How to get someone to agree with you

Do you want agreement on the content or do you want agreement on the reasons for believing the content?

How to get someone to agree with you

We disagree with each other.

Some of us believe in God, some don’t. Some believe in a particular God, others in a different one. Some believe in capitalism, others in socialism, others in something else. Some of us believe that we can only know about the world through scientific means, others believe that there is more in heaven and earth than is dreamt of in our philosophy.

Now, sometimes, we can just walk away from a disagreement. We can refuse to engage further, we can maintain our position, we can agree to disagree and move on with our lives.

But other times, we can’t. On a small scale, this is the situation with friends, family, colleagues. My wife, for example, has a certain view on the optimal level of tidiness in a household setting. I have a different view.

Naturally, I am right. But I can’t convince my wife that I am, and neither can I rationally demonstrate to her that her view isn’t just wrong but also morally decadent. And the further problem is that I love my wife and would rather like to continue living with her, so I can’t just move out and live at the level of tidiness that God intended.

On a larger scale, this is the situation in any even mildly diverse society. A believer in God has to live alongside people who don’t believe and - and this is the point - the two must agree on some things for society to function properly. But how? How can we get people so diametrically opposed in their perspectives, in their morals, in their worldviews, philosophies and experiences, how can we get them to agree on how tidy the house should be?

This was essentially the problem facing the original drafters of the Universal Declaration of Human Rights. The UDHR was drafted by a committee that included members from the US, Canada, the Republic of China, France, Lebanon, Australia, Chile, France, the Soviet Union and the United Kingdom. Individuals, organisations and governments from other countries were also consulted at various stages in the process.

Basically, everyone was involved. There were about 700 million different viewpoints to consider and a roughly equal number of cultural, religious, philosophical and social traditions to incorporate. Frankly, if I didn’t already know the ending, I would judge the task impossible.

We do know the ending: On 10th December, 1948, the UN General Assembly formally proclaimed the Universal Declaration of Human Rights. A few years later, Jacques Maritain, a French philosopher who was very influential in the creation of the UDHR, reminisced about the process:

During one of the meetings of the French National Commission of UNESCO at which the Rights of Man were being discussed, someone was astonished that certain proponents of violently opposed ideologies had agreed on the draft of a list of rights. Yes, they replied, we agree on these rights, providing we are not asked why. With the “why,” the dispute begins.

This is a very powerful insight, a beautiful insight, and our idea for the week. So let’s unpack it a bit.
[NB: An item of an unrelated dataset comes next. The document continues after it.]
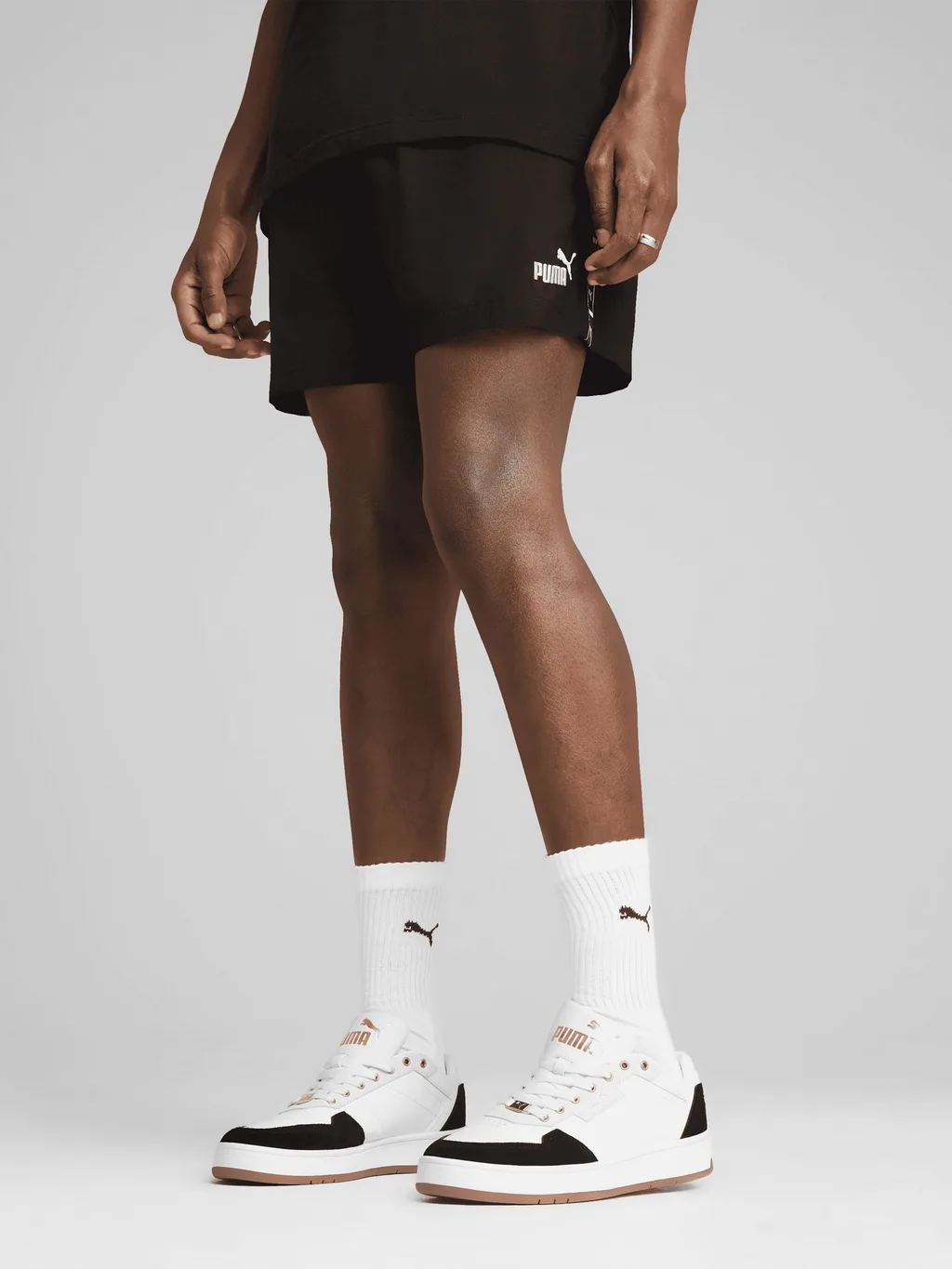 Puma 684682-01 Pantalones cortos de hombre ESS TAPE Woven Shorts 5" - 1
Maritain points out that there are at least two levels to a disagreement. First, there’s the “what” - the substance of the disagreement, the two opposing opinions. Second, there’s the “why” - the reasons for the disagreement.

Maritain then suggests that sometimes, we can get agreement on the what so long as we don’t ask about the why. So for example, a religious person and an atheist can both agree that human beings should not be tortured, but perhaps the religious person thinks so because they think that God created human beings and it would be a sinful act to harm God’s creation in certain ways, while the atheist thinks so because they think that causing human beings pain is bad.

Sometimes, says Maritain, it's wiser not to ask about the why. So long as there’s agreement on the what, move on. It’s enough. A lot of the time, you don’t need someone to agree with your reasons for X, you just need them to agree with X.

Now, just to throw a small spanner in the works, it’s important to see that there are limitations to this insight. It’s not a universally valid tool. Sometimes, we want agreement on the why and for good reasons. For example, if my wife kisses me, we are in agreement on one thing: let’s kiss. But it’s not enough for me. I want her to kiss me because she loves me, not because she’s bored. The why matters here.


  1. There are two levels to a disagreement: what we disagree about and why we disagree.
  2. When we address the disagreement, it’s a simple and powerful move to understand what you want to address - do you want agreement on the what or do you also want agreement on the underlying why?
  3. In the case of the UDHR, it became clear that the participants only needed to agree on the what - asking for agreement on the why would have made agreement impossible.
  4. In the case of my wife kissing me, it became clear that it's really good and should happen more often.